[Opening Given records section]

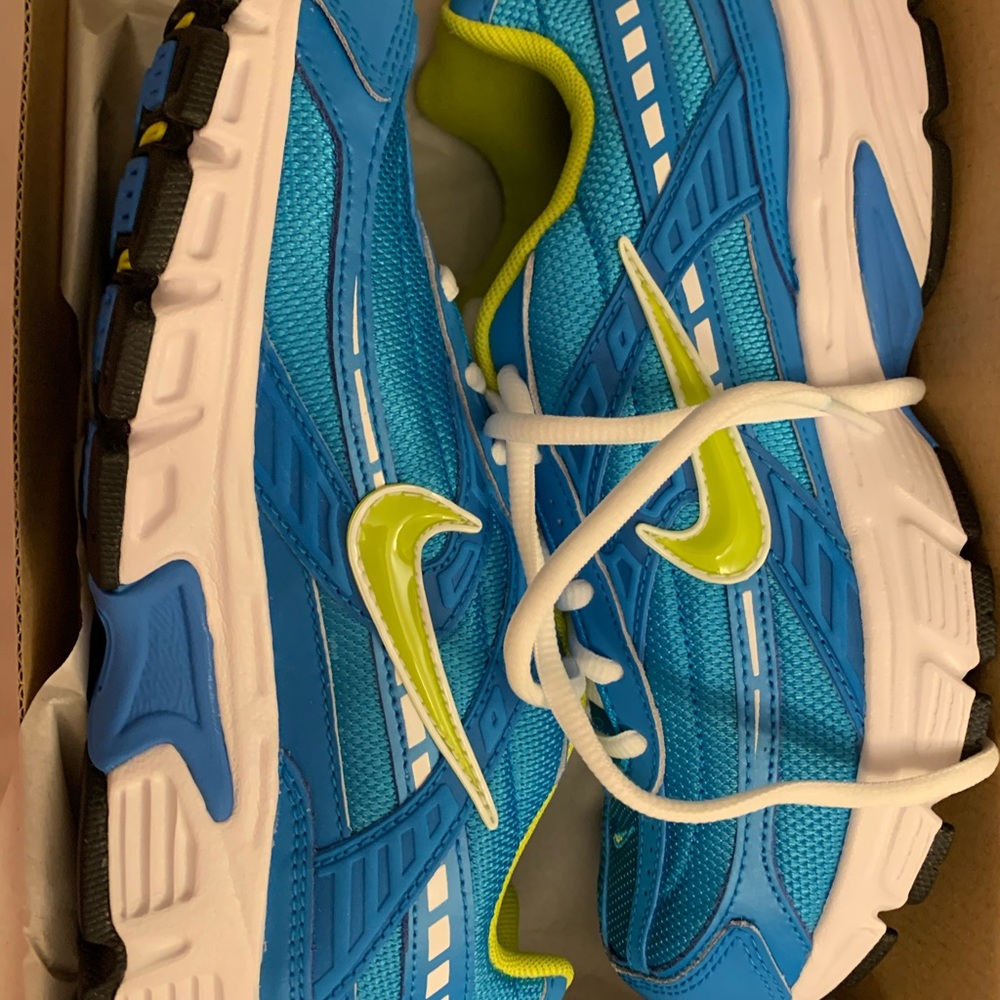 Women’s Nike running shoes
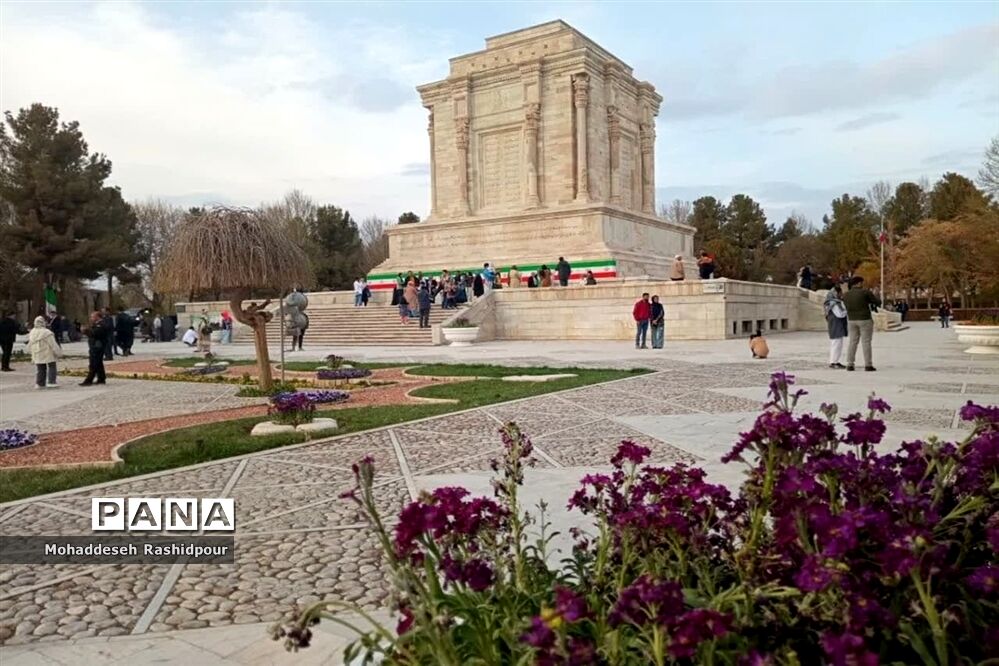 آرامگاه فردوسی در استان خراسان رضوی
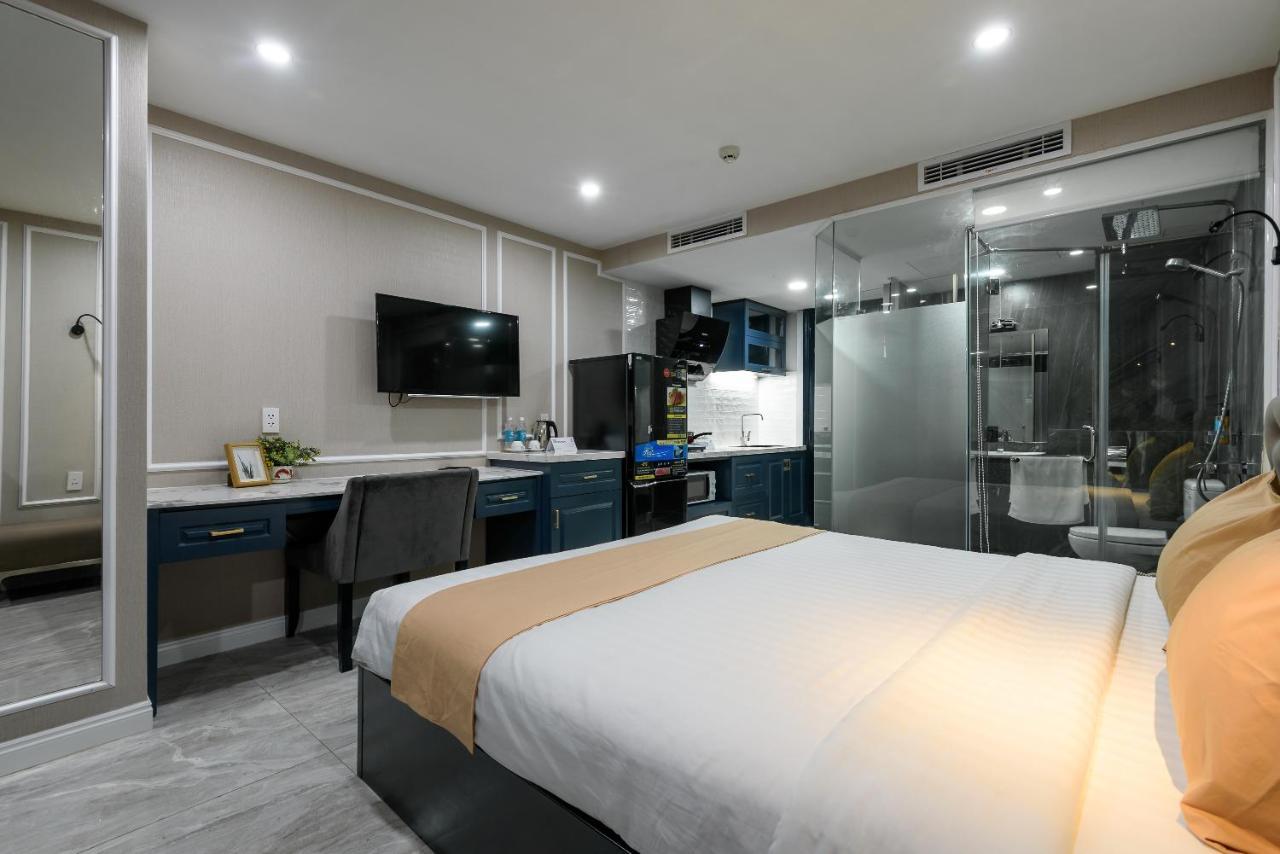 Cozrum Lux - The Arrivals Hotel Ho Chi Minh City Exterior photo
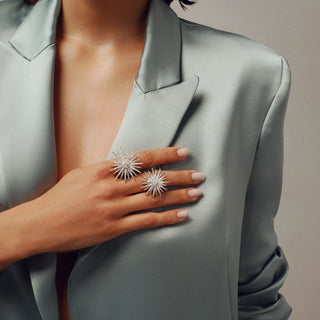 JARDIN STAR 18K GOLD BAGUETTE DIAMOND RING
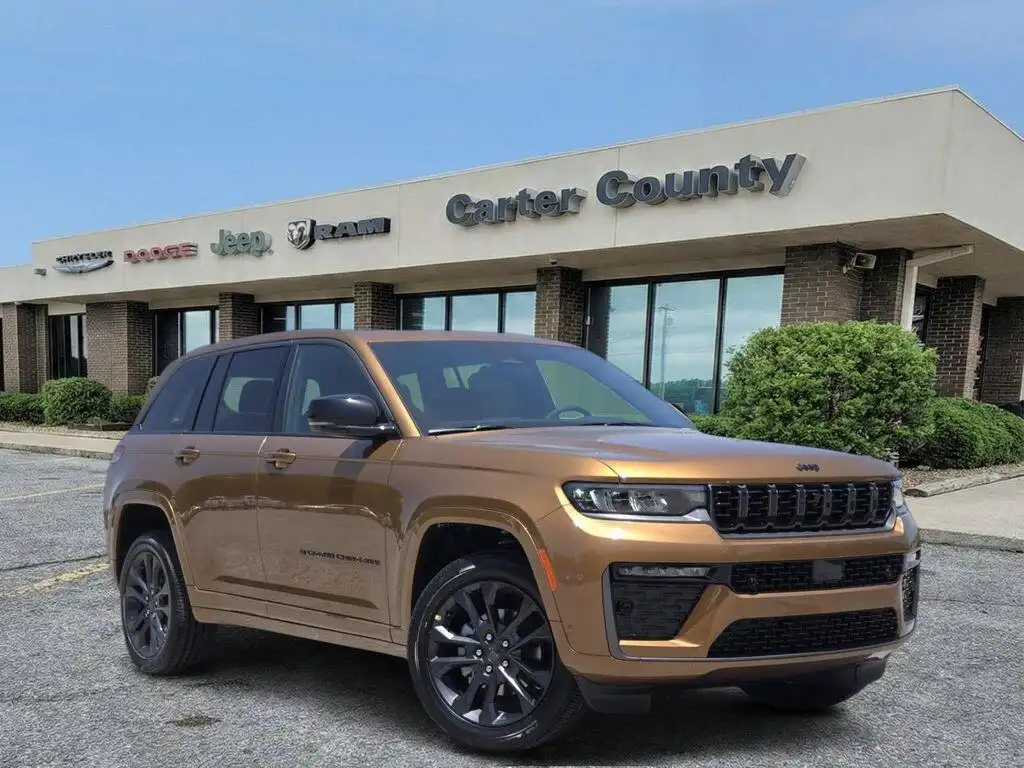 2026 Jeep Grand Cherokee Limited Reserve 4WD's photo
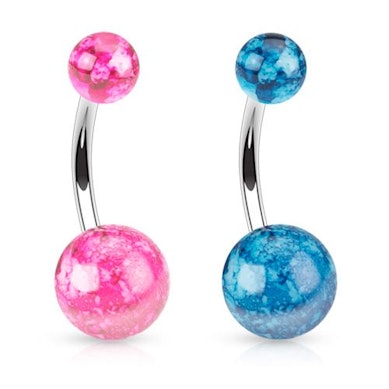 Piercing do pupíku s mramorovým vzhledem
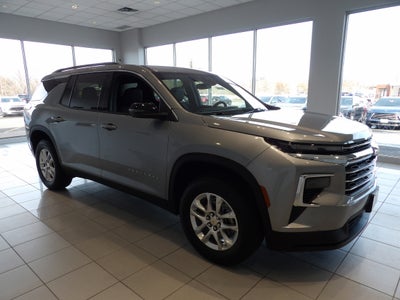 2025 Chevrolet Traverse LT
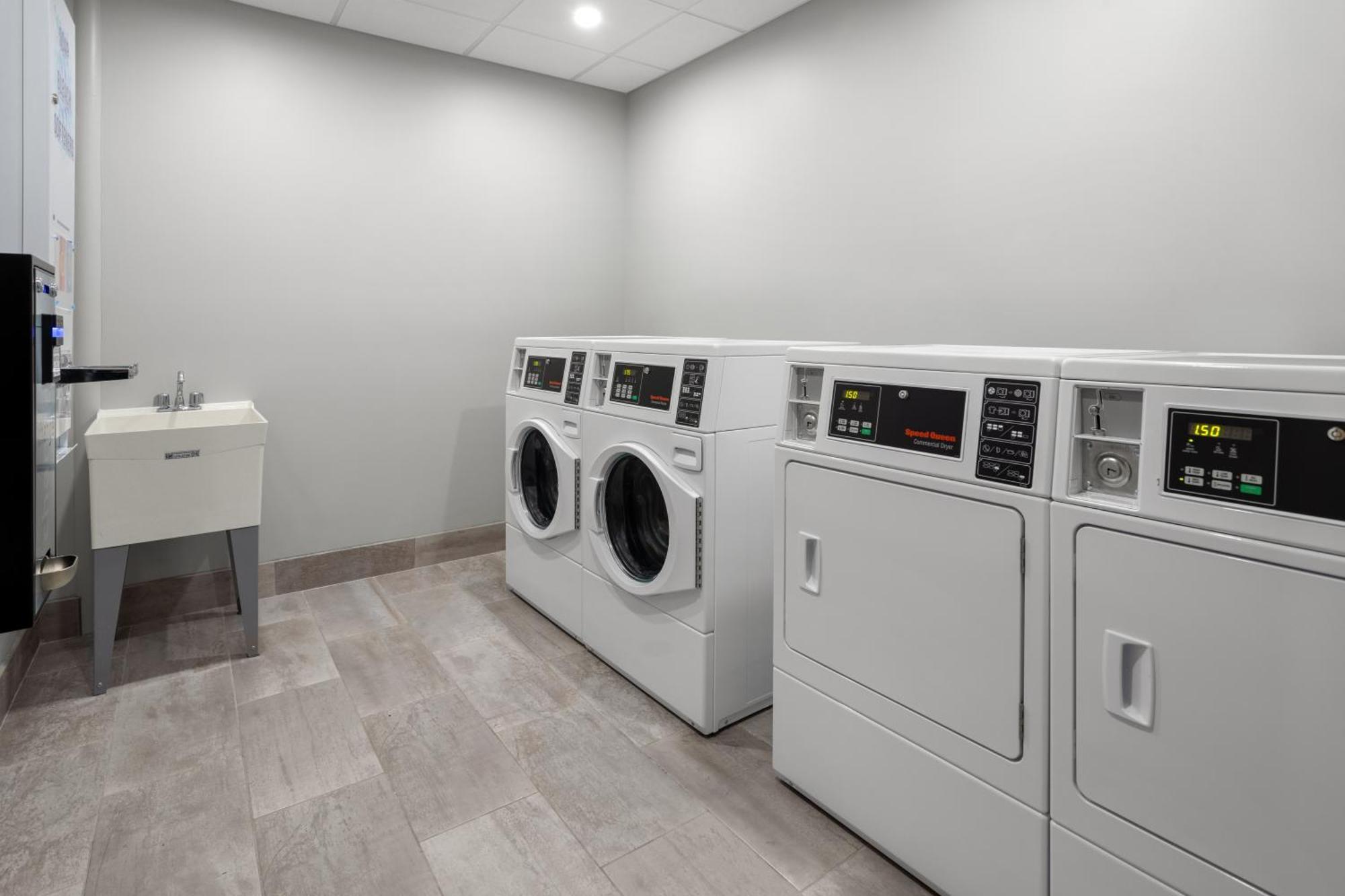 Hawthorn Extended Stay By Wyndham Williston Burlington Esterno foto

[Closing Given records section]

Exercise goal: Leaving the pictures aside, give back all the records exactly as they are.

Reply:
 Women’s Nike running shoes
 آرامگاه فردوسی در استان خراسان رضوی
 Cozrum Lux - The Arrivals Hotel Ho Chi Minh City Exterior photo
 JARDIN STAR 18K GOLD BAGUETTE DIAMOND RING
 2026 Jeep Grand Cherokee Limited Reserve 4WD's photo
 Piercing do pupíku s mramorovým vzhledem
 2025 Chevrolet Traverse LT
 Hawthorn Extended Stay By Wyndham Williston Burlington Esterno foto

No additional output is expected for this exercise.